The third way (not recommended) to make Soot sort of happy is the option –allow-phantom-refs:

$ java -cp soot-2.5.0.jar soot.Main -allow-phantom-refs -cp . A B
Soot started on Thu Aug 21 08:52:35 GMT-05:00 2008
Warning: java.lang.Short is a phantom class!
Warning: java.lang.Class is a phantom class!
Warning: java.lang.Character is a phantom class!
...
Transforming B...
Transforming A...
Writing to sootOutput/B.class
Writing to sootOutput/A.class
Soot finished on Thu Aug 21 08:52:37 GMT-05:00 2008
Soot has run for 0 min. 1 sec.

So what does that do? Basically this option tells Soot: “Well, I really don’t want to give you the classes you are missing (maybe because you just don’t have those classes) but please make a best effort even without them.” Soot creates a “phantom class” for each class that it cannot resolve and tells you about it. Note that this approach is very limited and in many cases does not lead to the results you need. Only use this option if you know what you are doing

Important note for Windows users Soot will treat drive letters correctly, but under Windows the path separator must be a backslash, not a forward slash.
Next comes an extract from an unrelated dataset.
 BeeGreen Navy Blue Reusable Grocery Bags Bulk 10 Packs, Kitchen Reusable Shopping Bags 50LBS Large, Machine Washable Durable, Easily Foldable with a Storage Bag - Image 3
Processing entire directories

You can also process entire directories or JAR files using Soot, using the –process-dir option:

$ java -cp soot-2.5.0.jar soot.Main -cp . -pp -process-dir .
Soot started on Thu Aug 21 09:01:12 GMT-05:00 2014
Transforming A...
Transforming B...
Writing to sootOutput/A.class
Writing to sootOutput/B.class
Soot finished on Thu Aug 21 09:01:15 GMT-05:00 2014
Soot has run for 0 min. 3 sec.

To process a JAR file, just use the same option but provide a path to a JAR instead of a directory. Nice, eh? Be careful, though: If you apply the very same command again to the very same folder you will run into a problem now:

$ java -cp soot-2.5.0.jar soot.Main -cp . -pp -process-dir .
Soot started on Thu Aug 21 09:02:29 GMT-05:00 2008
Exception in thread "main" java.lang.RuntimeException: Error: class A read in from a classfile in which sootOutput.A was expected.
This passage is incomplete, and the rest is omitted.